Halifax planners shut down a public meeting this week after a “NIMBY with a megaphone” took over.
The municipality held a public open house about the West End Mall Future Growth Node at the Bethany United Church on Joseph Howe Drive Wednesday night. The municipality declared a few of those future growth nodes in the Centre Plan, like the former Penhorn Mall site in Dartmouth.
As the Halifax Examiner reported in 2021, one of the 10 property owners on the west end site wants to redevelop the block bounded by Mumford, the CN Rail cut, and Leppert Street. Cushman and Wakefield made the application on behalf of OPB Realty Inc., the real estate arm of the Ontario Pension Board:
Cushman and Wakefield is proposing to remove some of the mall buildings on the property; create new streets; build a new underground transit terminal; and put up 15 residential towers to the maximum height of 90 metres for a total of more than 5,500 new residential units.

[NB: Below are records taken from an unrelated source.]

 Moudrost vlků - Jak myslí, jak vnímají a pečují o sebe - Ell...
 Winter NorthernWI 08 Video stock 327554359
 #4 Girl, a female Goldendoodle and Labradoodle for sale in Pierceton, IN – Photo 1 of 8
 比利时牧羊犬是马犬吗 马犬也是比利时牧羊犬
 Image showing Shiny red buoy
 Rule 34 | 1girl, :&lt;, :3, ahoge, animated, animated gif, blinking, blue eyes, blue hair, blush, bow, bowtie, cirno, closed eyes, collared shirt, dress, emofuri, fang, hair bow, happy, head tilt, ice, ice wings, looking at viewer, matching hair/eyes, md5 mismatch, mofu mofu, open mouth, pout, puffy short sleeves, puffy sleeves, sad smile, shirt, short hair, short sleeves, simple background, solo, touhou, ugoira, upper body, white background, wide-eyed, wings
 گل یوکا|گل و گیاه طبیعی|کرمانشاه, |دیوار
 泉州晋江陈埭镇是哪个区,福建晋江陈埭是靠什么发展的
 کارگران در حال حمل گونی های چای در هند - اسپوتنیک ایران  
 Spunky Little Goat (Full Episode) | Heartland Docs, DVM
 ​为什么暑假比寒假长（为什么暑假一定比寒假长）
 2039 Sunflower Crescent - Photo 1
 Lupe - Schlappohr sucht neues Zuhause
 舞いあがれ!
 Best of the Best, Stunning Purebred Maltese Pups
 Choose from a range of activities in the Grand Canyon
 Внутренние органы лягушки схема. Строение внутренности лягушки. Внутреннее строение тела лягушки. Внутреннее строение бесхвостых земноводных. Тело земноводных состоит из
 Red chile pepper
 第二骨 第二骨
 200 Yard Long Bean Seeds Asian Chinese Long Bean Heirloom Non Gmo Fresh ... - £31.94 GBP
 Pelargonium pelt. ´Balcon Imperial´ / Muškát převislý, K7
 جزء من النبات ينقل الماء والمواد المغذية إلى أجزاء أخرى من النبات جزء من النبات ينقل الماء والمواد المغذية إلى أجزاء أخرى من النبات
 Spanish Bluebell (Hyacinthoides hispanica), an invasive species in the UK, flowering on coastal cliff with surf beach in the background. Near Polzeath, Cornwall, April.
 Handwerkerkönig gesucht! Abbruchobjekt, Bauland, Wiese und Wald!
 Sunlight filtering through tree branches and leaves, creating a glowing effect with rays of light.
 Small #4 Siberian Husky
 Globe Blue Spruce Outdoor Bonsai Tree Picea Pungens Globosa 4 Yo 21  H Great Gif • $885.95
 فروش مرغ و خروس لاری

“This would translate to a population of 12,500 people at full build out, and a density of 867 people per hectare (86,700 people per square kilometre). This is much higher than other large-scale developments underway or proposed,” municipal planner Sean Gillis wrote in the staff report to council.
“By comparison, the proposal for Shannon Park is for a density of 20,000 people per square kilometre and the highest densities currently existing in the South End of Halifax are about 15,000 people per square kilometre.”
Halifax Water hasn’t raised any concerns about that level of density, Gillis wrote, and the area is well-served by transit and transportation networks generally.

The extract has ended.